• EXERCISE REQUIREMENTS:
Copy only the lines from the one with "adidas originals ファイヤーバード プライムブルー" through the end of the records, exactly as they stand. No pictures belong in the copy.

*** DATA SECTION ***

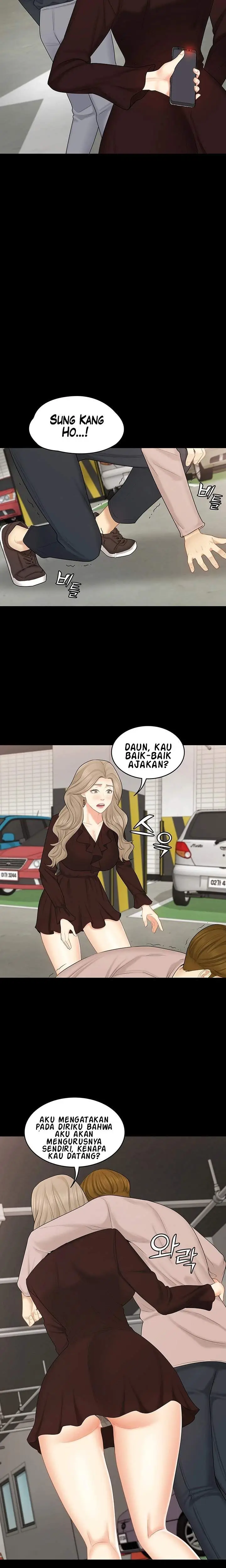 image-komik-shes-my-younger-sister-but-its-okay-chapter-30-21/26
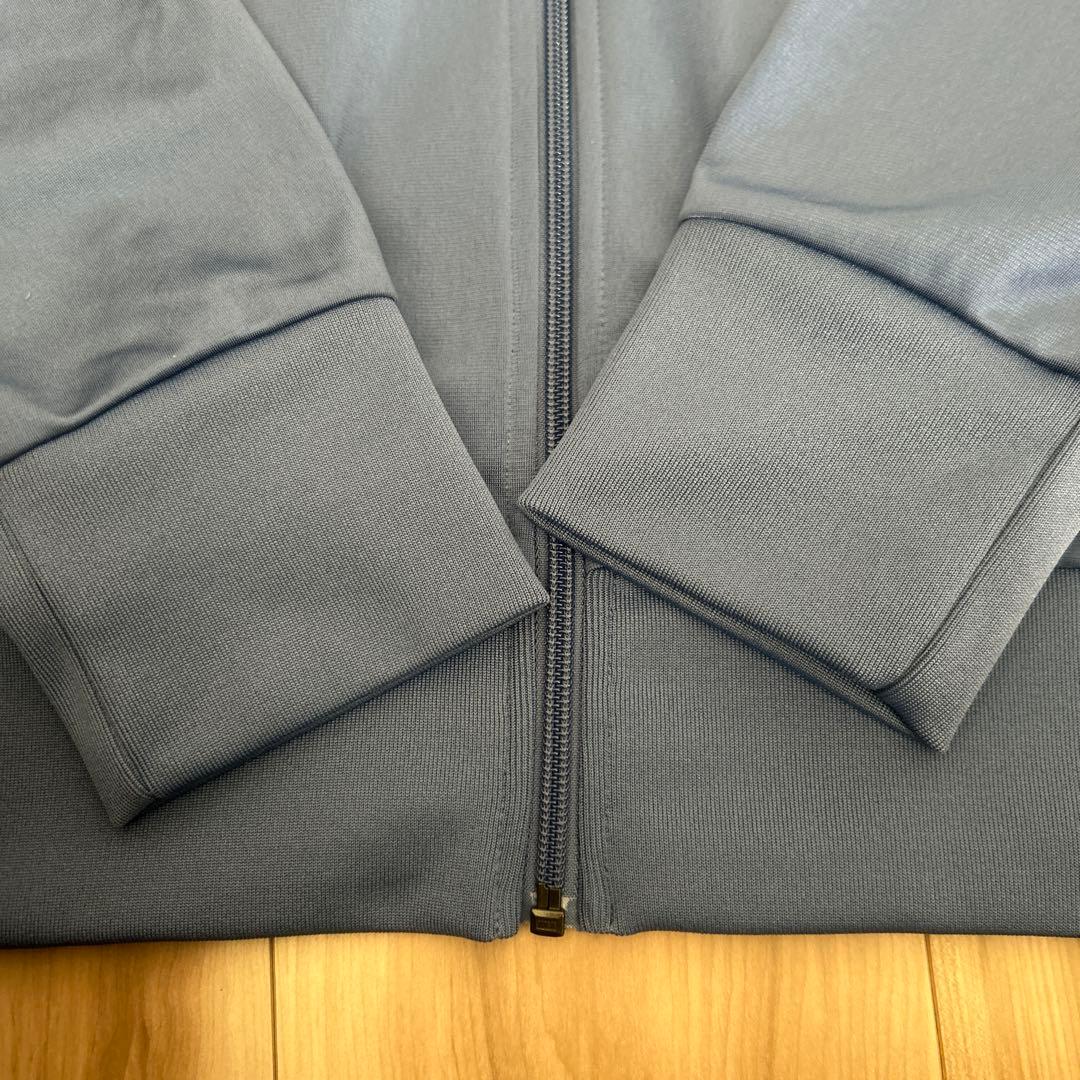 adidas originals ファイヤーバード プライムブルー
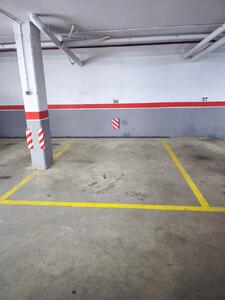 DF33SA DIFFERENTFLATS PARADISE VILLAGE Apartamento  Salou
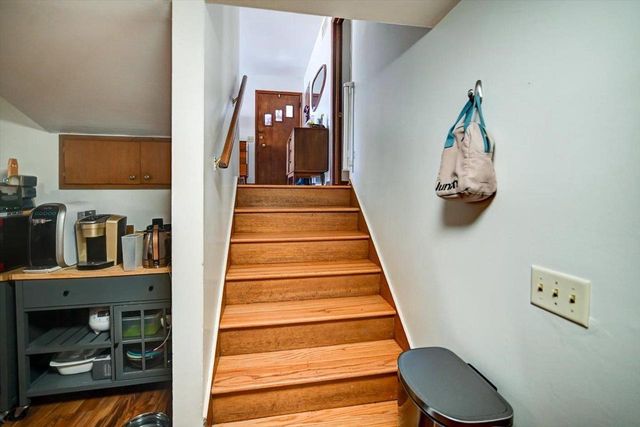 308-310 Owen Road, Monona, WI 53716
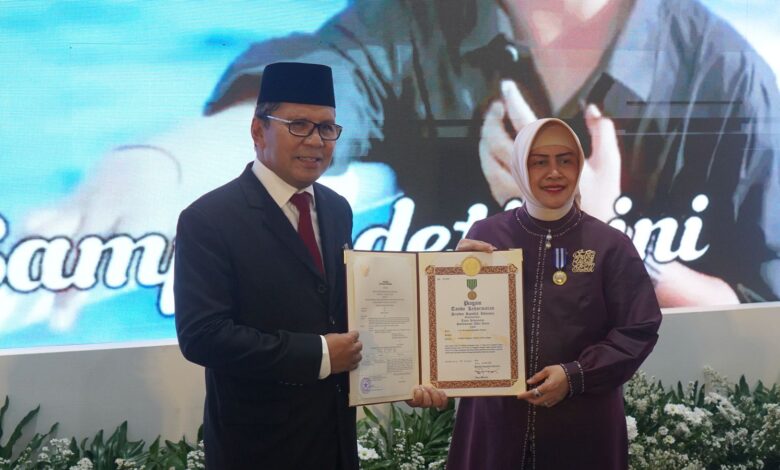 Whatsapp Image 2024 06 29 At 18.08.07(1)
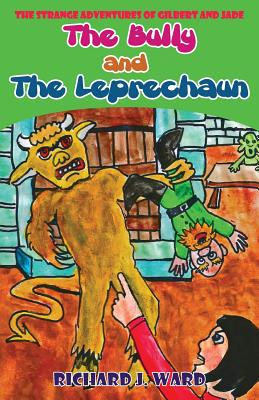 Seller image for The Bully and the Leprechaun (Paperback or Softback) for sale by BargainBookStores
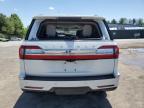 2021 Lincoln Navigator Reserve продається в Finksburg, MD - Top/Roof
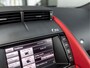 Jaguar F-Type 3.0 V6 S Convertible | 2e eigenaar | Dealer Onderhouden | Origineel Nederlands geleverd | Performance Seats | Memory Seat Pack
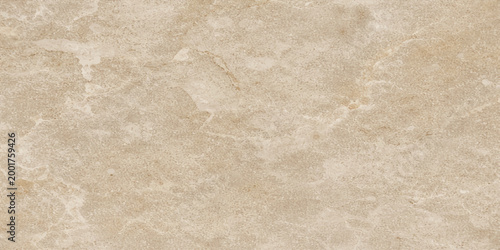 Aged brown vintage paper texture with a crumpled grunge pattern and rough antique surface provides a blank weathered backdrop for rustic material design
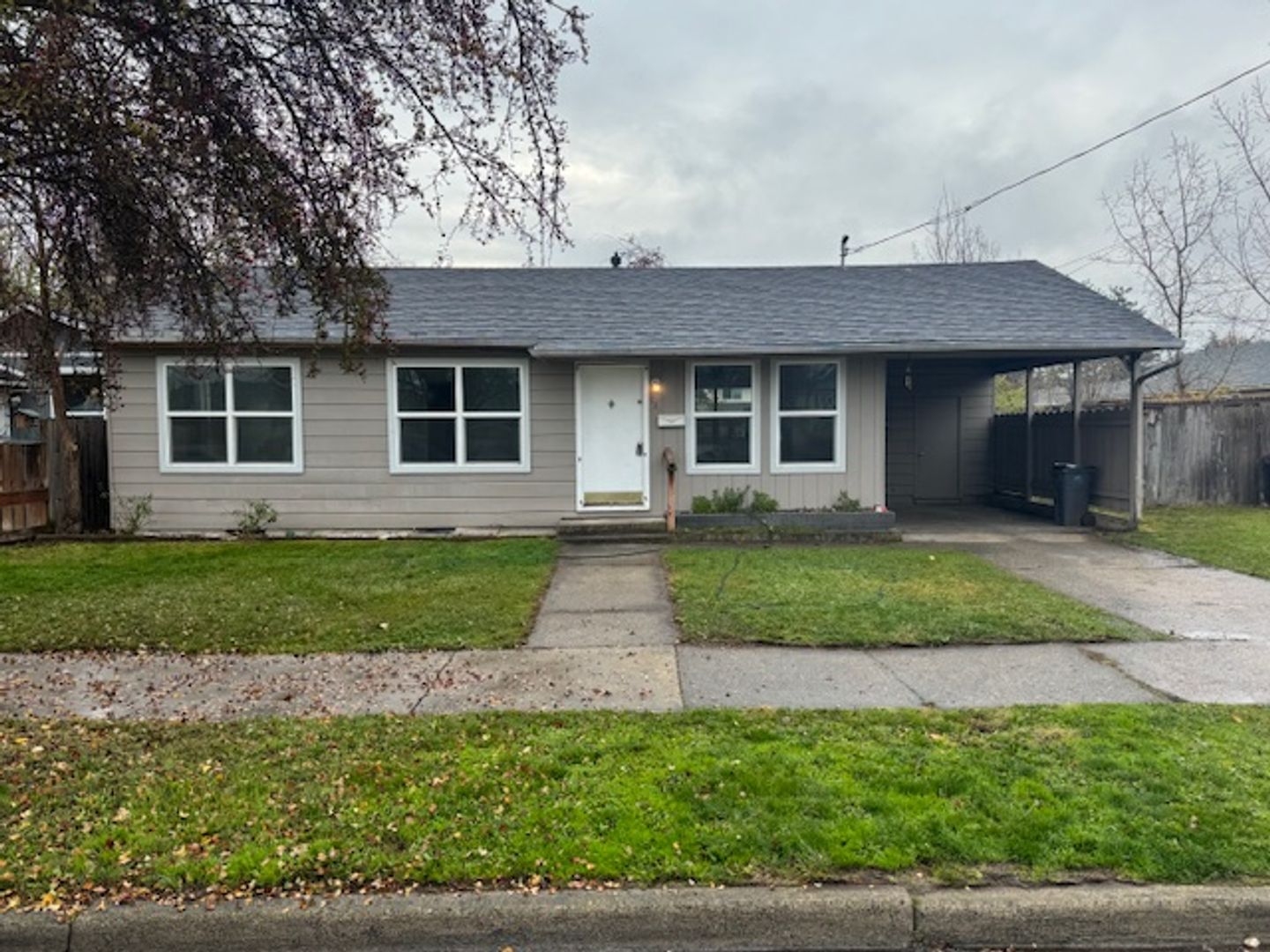 MEDFORD House: 937 WINCHESTER AVE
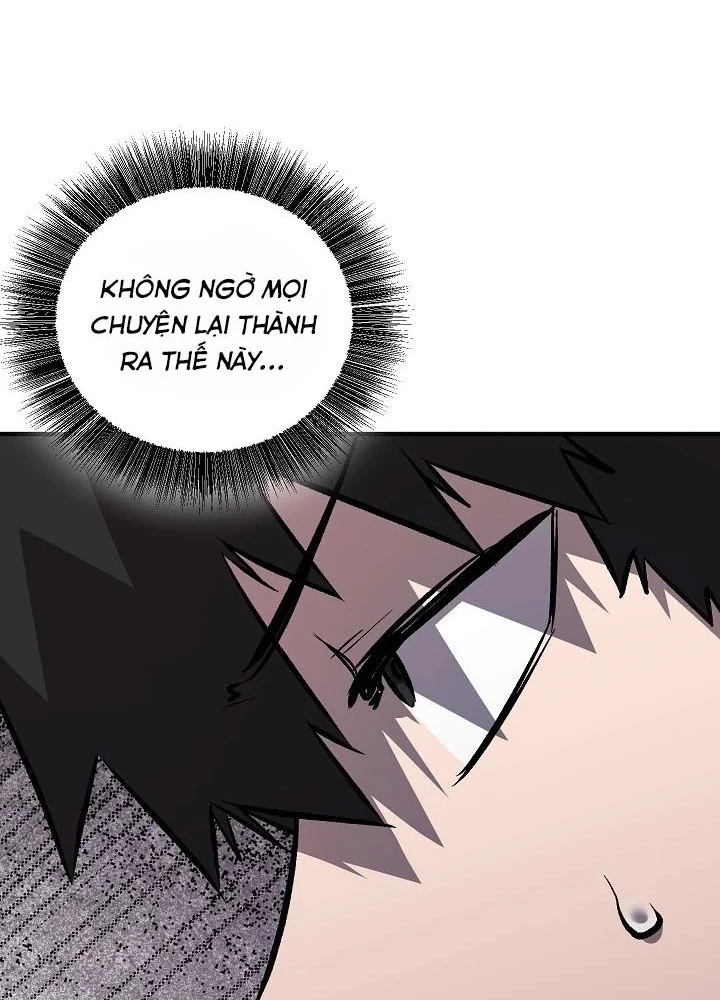 Thanh Mai Trúc Mã Của Đệ Nhất Thiên Hạ Chapter 84 - 203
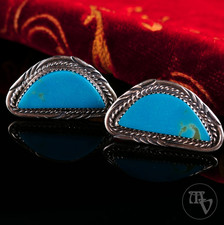 Vintage navajo indianerschmuck - navajo,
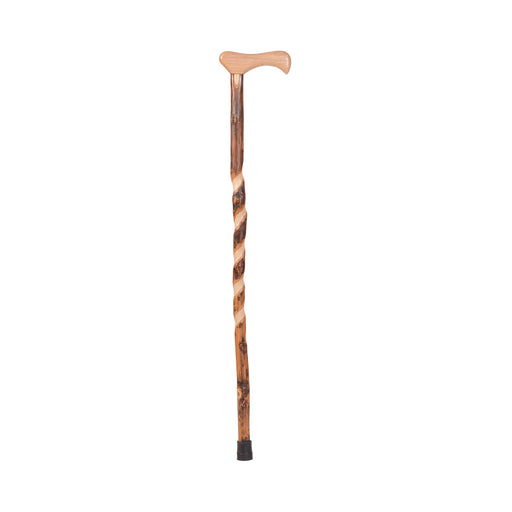 T-Handle Cane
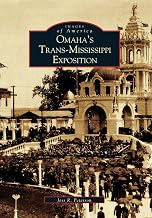 Omaha's Trans-Mississippi Exposition (NE) (Images of America)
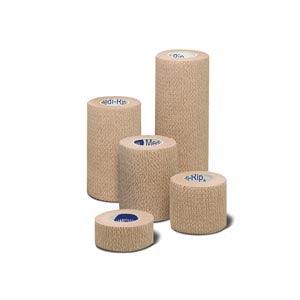 Bandage, 4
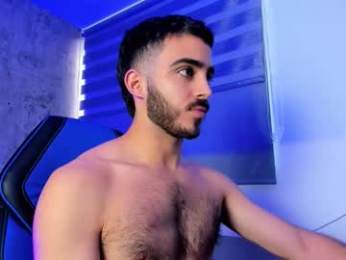 novacry webcam model stream image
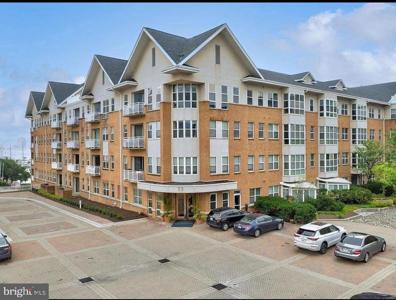 23 PIERSIDE DRIVE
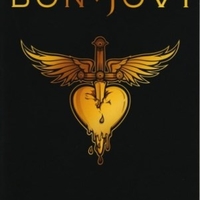 Greatest hits - The ultimate video collection - BON JOVI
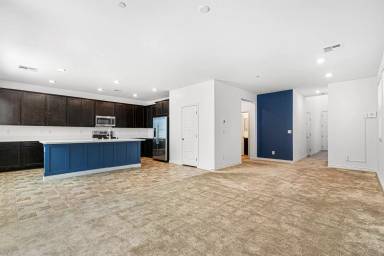 Main picture of 3695 Bright Aquarius Ln
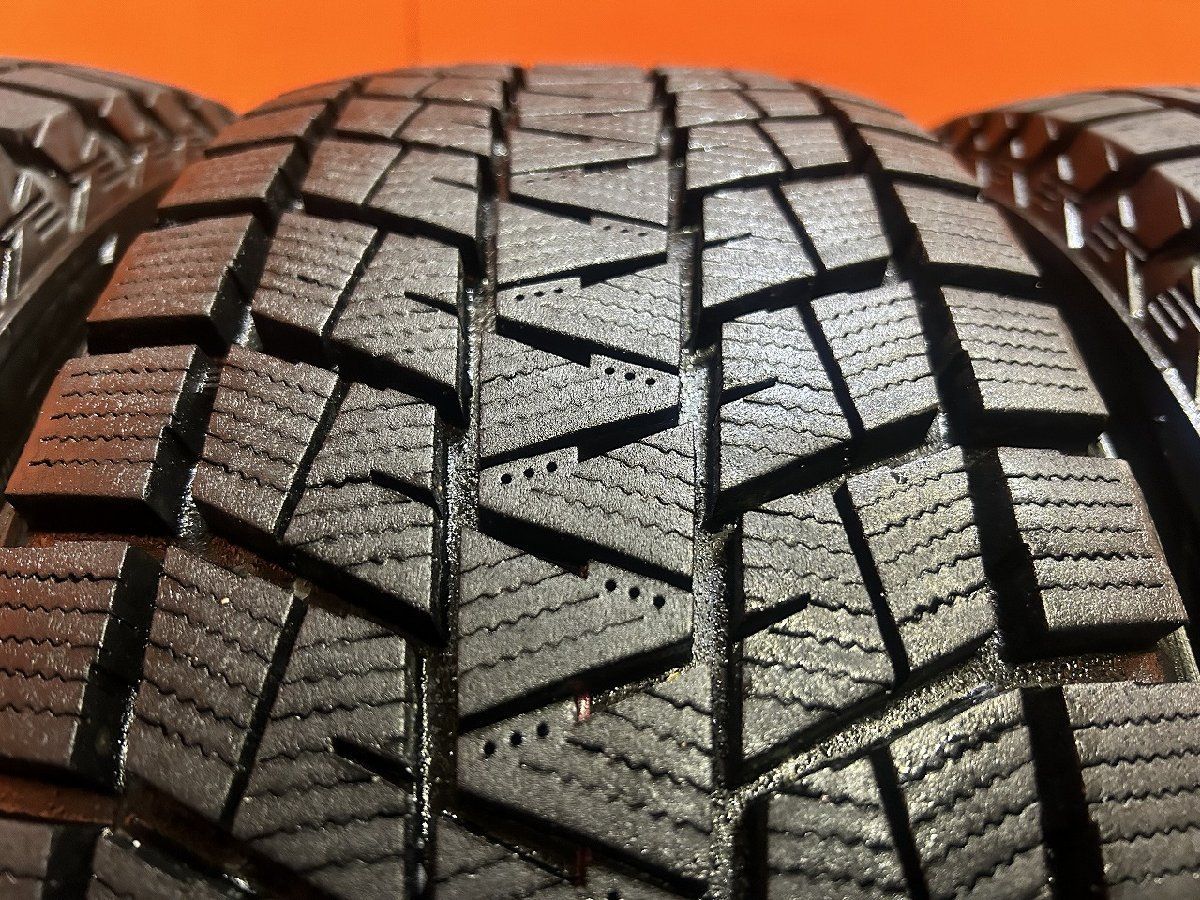 エクストレイル等 KTM329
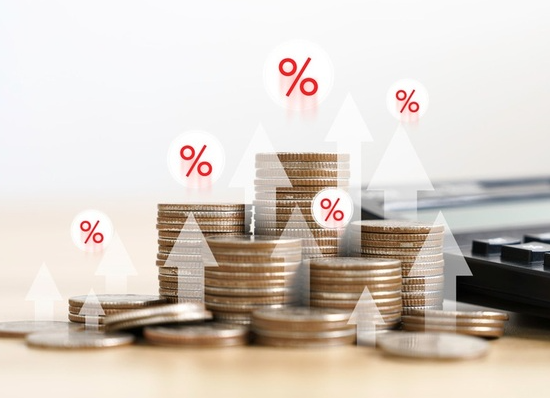 A股引爆券商開戶戰(zhàn):大V導(dǎo)流回扣千元 背后真相實在讓人驚愕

*** End of DATA SECTION ***

• RESPONSE TO THIS TASK:
 adidas originals ファイヤーバード プライムブルー
 DF33SA DIFFERENTFLATS PARADISE VILLAGE Apartamento  Salou
 308-310 Owen Road, Monona, WI 53716
 Whatsapp Image 2024 06 29 At 18.08.07(1)
 Seller image for The Bully and the Leprechaun (Paperback or Softback) for sale by BargainBookStores
 2021 Lincoln Navigator Reserve продається в Finksburg, MD - Top/Roof
 Jaguar F-Type 3.0 V6 S Convertible | 2e eigenaar | Dealer Onderhouden | Origineel Nederlands geleverd | Performance Seats | Memory Seat Pack
 Aged brown vintage paper texture with a crumpled grunge pattern and rough antique surface provides a blank weathered backdrop for rustic material design
 MEDFORD House: 937 WINCHESTER AVE
 Thanh Mai Trúc Mã Của Đệ Nhất Thiên Hạ Chapter 84 - 203
 Vintage navajo indianerschmuck - navajo,
 T-Handle Cane
 Omaha's Trans-Mississippi Exposition (NE) (Images of America)
 Bandage, 4
 novacry webcam model stream image
 23 PIERSIDE DRIVE
 Greatest hits - The ultimate video collection - BON JOVI
 Main picture of 3695 Bright Aquarius Ln
 エクストレイル等 KTM329
 A股引爆券商開戶戰(zhàn):大V導(dǎo)流回扣千元 背后真相實在讓人驚愕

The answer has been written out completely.